4.Repetition and Revelation
This chapter examines the discursive work of crisis managers in central banks, treasury departments, and international organizations during the subprime crisis. Drawing a parallel with the ritual repetition of events in premodern, antihistorical societies, it shows how past crises can enable new patterns and lessons to be uncovered in economic and political history. This occurs through an archetype of revelation, rather than recurrence, and is grounded in the narrativity of memory and trauma. With the repetition of traumatic episodes in financial history, the archetype of revelation is mobilized in such a way that contemporary efforts at crisis management appear as the filling out or fulfillment of an earlier, originary crisis of global finance.
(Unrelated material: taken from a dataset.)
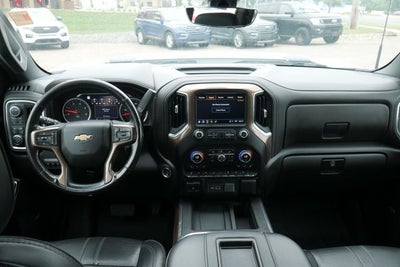 2022 Chevrolet Silverado 3500HD High Country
In this case, both the Great Depression and the Asian crisis emerge as signal events of this kind, transforming each into a means of reinventing rather than simply reproducing existing modes of crisis management.
5.Names of History
This chapter addresses the relationship between contemporary film and financial history. It begins with a discussion of Marxist approaches to cultural criticism, noting a tendency to appraise works of cinematic fiction on the basis of their ability to represent capital in its totality. It then argues that this overlooks an important, nonrepresentational function for film premised on the performative power of the proper name. This point is developed through an analysis of three works of financial film—Wall Street 2, The Wolf of Wall Street, and Cosmopolis—each of which features an iconic protagonist (Gordon Gekko, Jordan Belfort, Eric Packer). Such films function as a transmission belt for the circulation of proper names through popular culture, and the names themselves travel as diagrams for distinct forms of financial conduct: the Gekko effect, the Belfort effect, the Packer effect. Proper names in this way reveal another set of history's strange loops.
Afterword: Exits to the Future
This Afterword revisits the themes of crisis, recurrence, revelation, and the performativity of proper names, highlighting a further set of feedback loops between the historical imagination and contemporary developments in financial capitalism. It then poses these as a challenge to those modes of critique that seek a return to "real" history and the redemptive promise of a future subject to our will. Rather than clinging to such fantasies, it argues, the task of critique should be to engage the historical imagination without taking it at face value—not an end to history but an exit from belief in the cultural edifice of historical society.